Adoro Toledo, deambular por sus calles sin rumbo fijo, lejos de los turistas (la siento como si hubiera nacido en ella). Hoy un día gris y lluvioso las calles están desiertas sin asomo de vida aparente.
La mejor forma de ver Toledo es perderse en ella. Caminar por sus calles empinadas y descubrir uno a uno sus rincones. Introducirse por un callejón sin salida, llegar al final y retroceder. Colarse a través de un portalón de madera vieja y cuarteada y ver el magnífico patio que se oculta tras él.
Imaginar que hubo un tiempo, muy lejano, en el que coexistieron en esta ciudad las culturas derivadas de las tres grandes religiones monoteístas. Coexistieron más que convivieron porque este último verbo implica un cierto grado de armonía y no siempre la hubo. A estas alturas, eso importa poco. Toledo está ahí, con su catedral y sus iglesias y ermitas cristianas, sus mezquitas y sinagogas. Queda la huella de lo que esta urbe fue en su momento: uno de los grandes centros culturales del continente. Ese es el espíritu que el turista puede buscar por sus calles. Y para eso no hacen falta brújula ni orientación. Te tienes que dejar guiar por tu instinto y por el azar.
Lo menos conveniente en Toledo es planificar y ordenar la visita, porque entonces la magia no se hará presente con tanta facilidad.
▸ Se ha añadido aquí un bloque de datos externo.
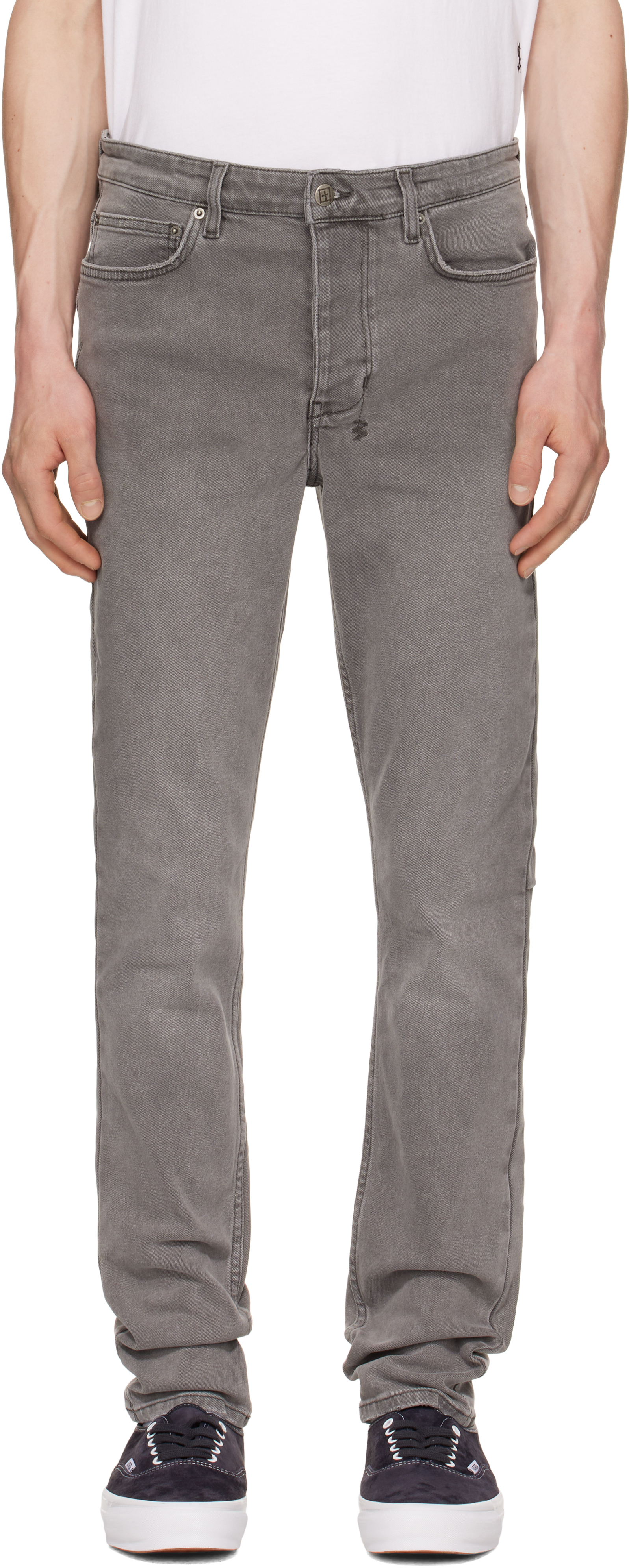 Gray Chitch Prodigy Jeans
Pero antes de iniciar el lento deambular por sus calles, conviene tener una visión de conjunto. Lo mejor es contemplar la ciudad desde alguno de los miradores. El del Valle, al otro lado del Tajo, ofrece la estampa más típica. Sube hasta él, haz un pequeño esfuerzo de imaginación y contempla el esplendor de Toledo tal y como era hace más de cuatro siglos, cuando El Greco estaba en la ciudad.
Después, piérdete. Literalmente. Seguro que en algún momento llegaras hasta la zona más alta de la ciudad, donde se encuentran el Alcázar y la plaza Zocodover. De esta te llamará la atención su encanto provinciano. Muy lejos queda el tiempo en que Toledo fue capital de España (cuando llegó El Greco hacía ya 16 años que había dejado de serlo) a mediados del siglo XVI. Para entonces las tensiones religiosas y la labor metódica e implacable de la Inquisición habían hecho de las suyas.
Descendiendo desde Zocodover, llegaras hasta la catedral. Por el camino, deberas hacer trabajar de nuevo a tu imaginación para borrar de lonjas y soportales todos los establecimientos de quincallería que llenan la calles hasta la saturación: esas armaduras más falsas que una moneda de tres euros, esos cuchillos, navajas y escudos que deforman el aspecto de la ciudad hasta convertirla en un parque temático de una Edad Media que nunca fue así.
Caminando de acá para allá, te encontrarás con la soberbia Puerta de Bisagra, el Monasterio de San Juan de los Reyes, la mezquita del Cristo de la Luz, las sinagogas del Tránsito y Santa María la Blanca, los puentes de Alcántara y San Martín y, fuera del casco antiguo, el hospital de Tavera. Todos ellos, monumentos maravillosos, dignos de una visita tranquila y hay mucho más: museos, iglesias, plazas, rincones...
La guinda del paseo, la cita ineludible aunque tengas que esperar, es la iglesia de Santo Tomé. Digámoslo pronto: no se trata de uno de esos templos inolvidables por la originalidad de su construcción ni la riqueza de su ornamentación. Si es el centro de la mayor parte de las visitas a la ciudad es porque en ella está -y no se ha movido nunca porque fue creado justo para ese espacio- 'El entierro del señor de Orgaz', uno de los cuadros más célebres jamás pintados.
Solo con esa obra habría pasado su autor a la Historia del Arte, pero El Greco no se limitó a eso. Tienes que visitar su casa museo y el Monasterio de Santo Domingo el Antiguo, aquí está su tumba y sus primeras obras.
Así que te dejo que hagas trabajar un poco más a la imaginación para sumergirse en el brillo y los misterios de esta ciudad irrepetible.